▸ Goal of the exercise
Beginning with the line that holds "XSY Headband Wig" and finishing with the line that holds "Ingwer Orange Perücke", repeat the listing exactly, leaving every picture out.

▸ Source data
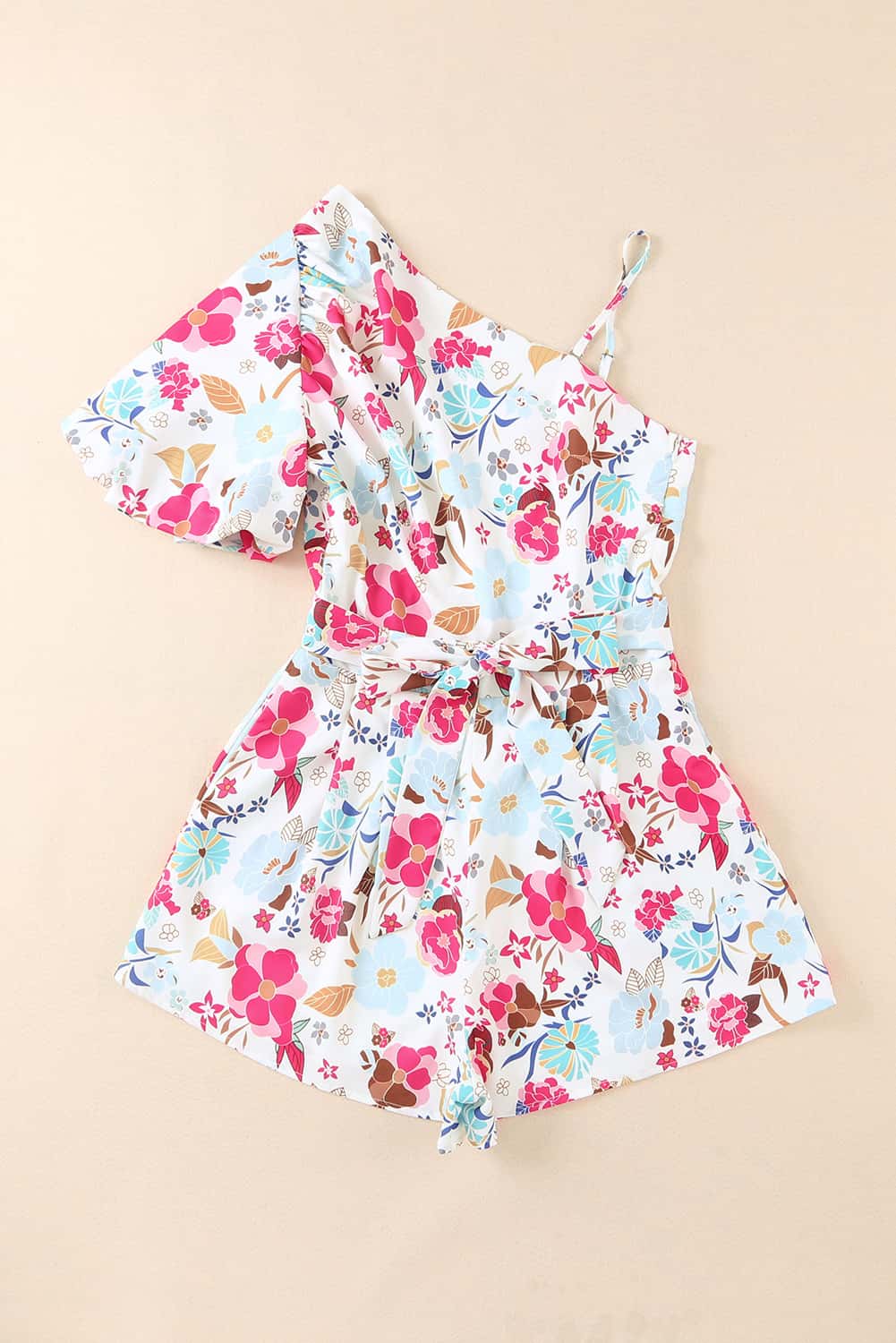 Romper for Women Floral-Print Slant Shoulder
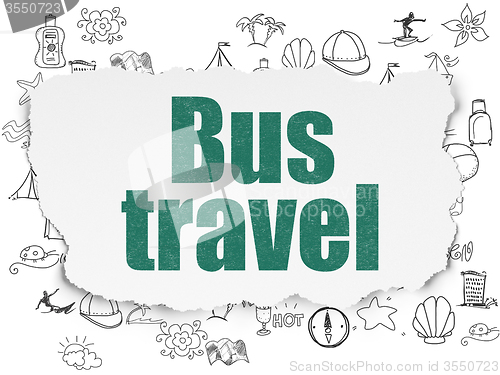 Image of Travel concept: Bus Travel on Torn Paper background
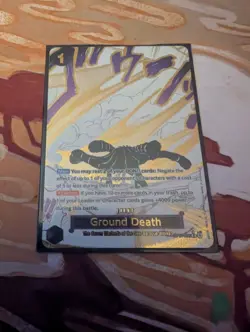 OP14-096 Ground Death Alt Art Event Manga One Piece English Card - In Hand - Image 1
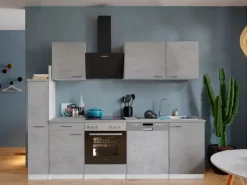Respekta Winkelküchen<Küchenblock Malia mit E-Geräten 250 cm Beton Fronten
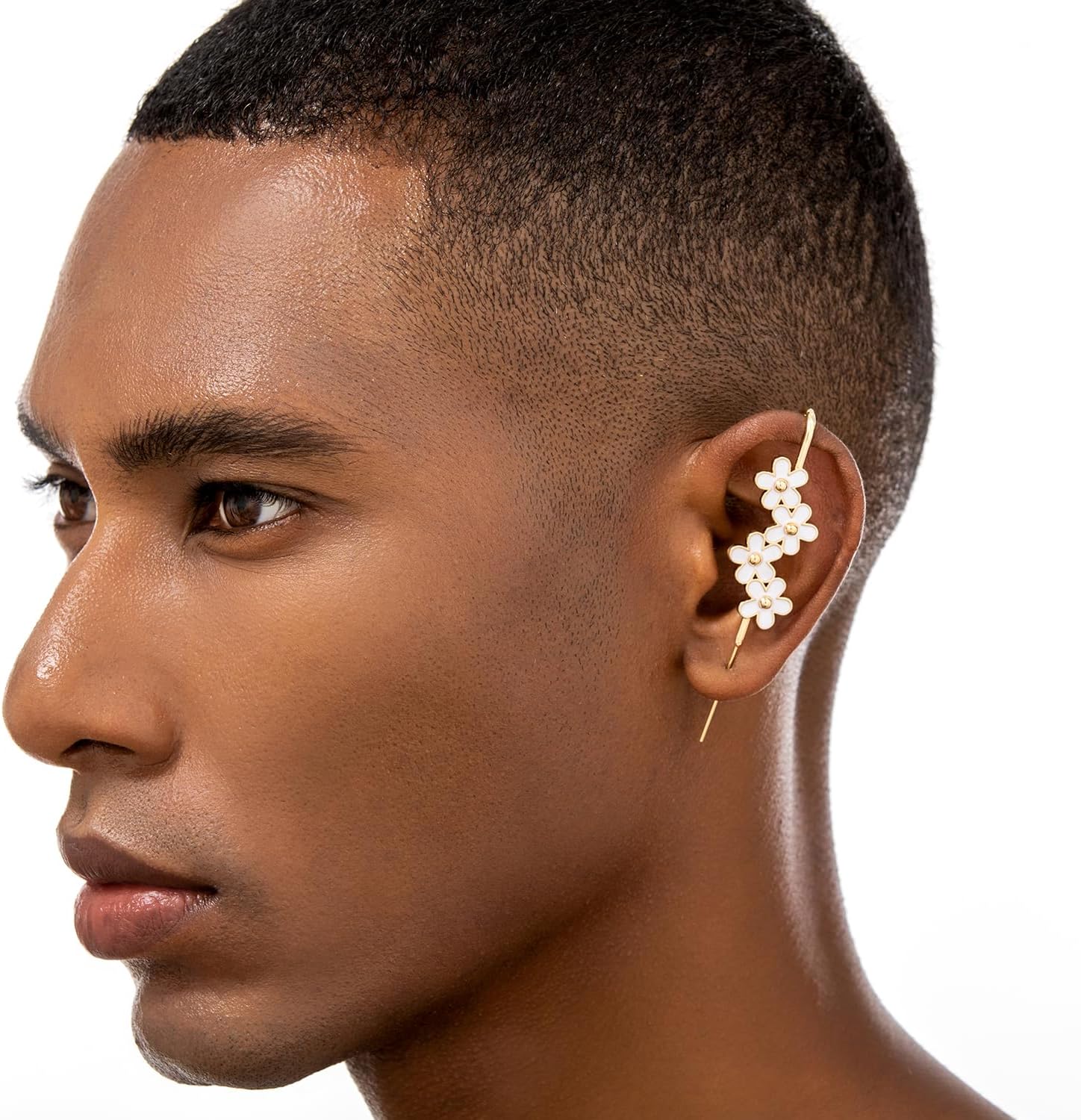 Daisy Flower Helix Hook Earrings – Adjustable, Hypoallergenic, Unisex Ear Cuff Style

...

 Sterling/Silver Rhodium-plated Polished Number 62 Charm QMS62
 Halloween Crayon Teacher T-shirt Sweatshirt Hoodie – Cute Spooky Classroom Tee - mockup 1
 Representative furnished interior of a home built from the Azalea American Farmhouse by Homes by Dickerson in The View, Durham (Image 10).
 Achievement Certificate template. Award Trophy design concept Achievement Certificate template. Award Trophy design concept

* * *

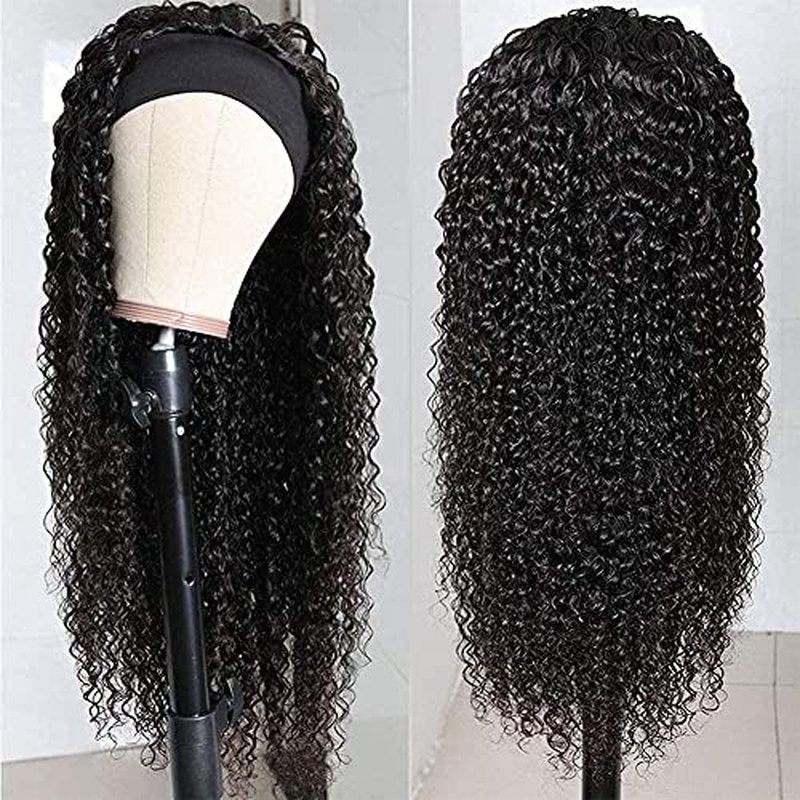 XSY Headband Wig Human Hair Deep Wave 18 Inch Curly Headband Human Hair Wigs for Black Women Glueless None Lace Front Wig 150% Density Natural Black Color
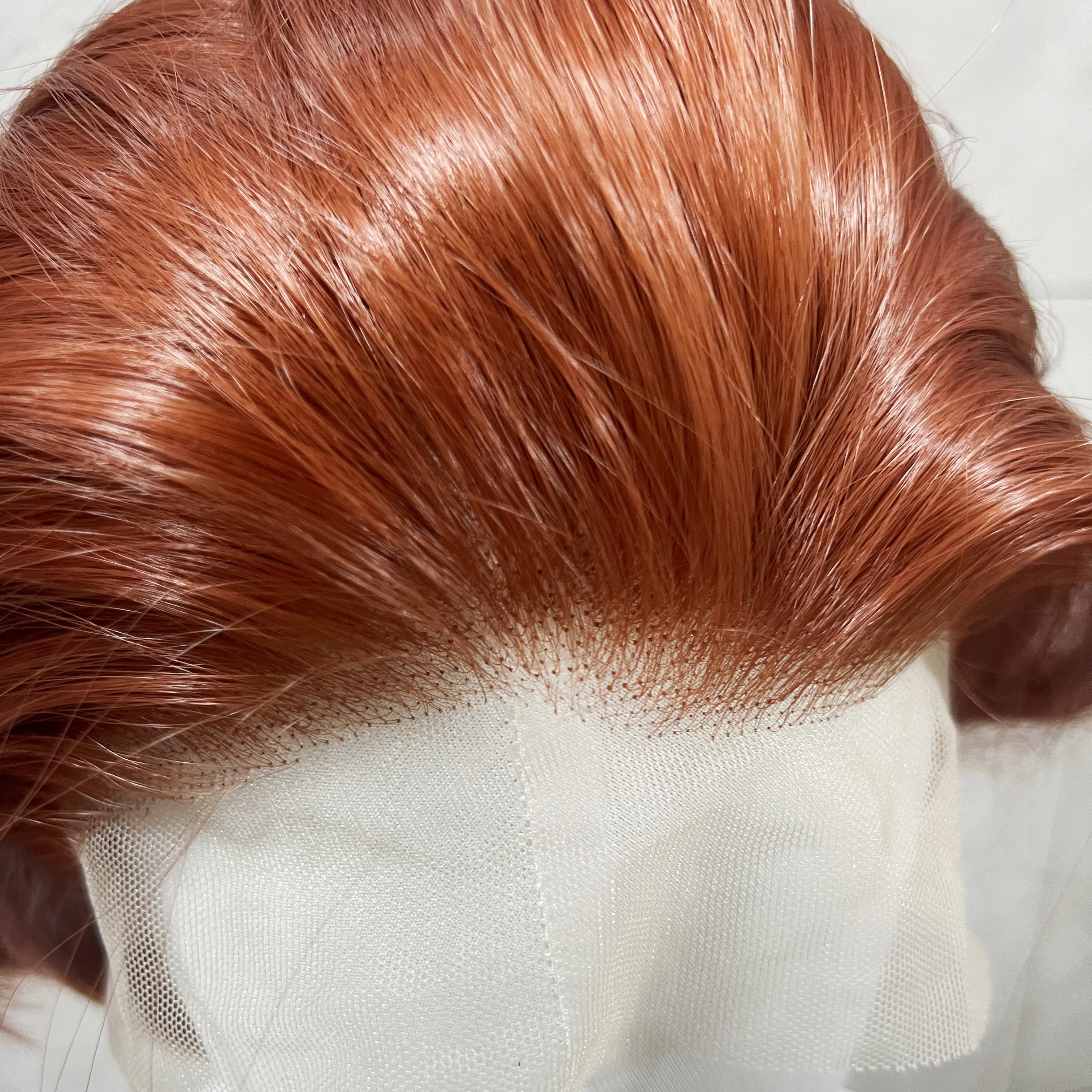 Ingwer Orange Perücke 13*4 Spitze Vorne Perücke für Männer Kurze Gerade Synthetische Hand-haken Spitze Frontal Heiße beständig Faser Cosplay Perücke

▸ Your response
 XSY Headband Wig Human Hair Deep Wave 18 Inch Curly Headband Human Hair Wigs for Black Women Glueless None Lace Front Wig 150% Density Natural Black Color
 Ingwer Orange Perücke 13*4 Spitze Vorne Perücke für Männer Kurze Gerade Synthetische Hand-haken Spitze Frontal Heiße beständig Faser Cosplay Perücke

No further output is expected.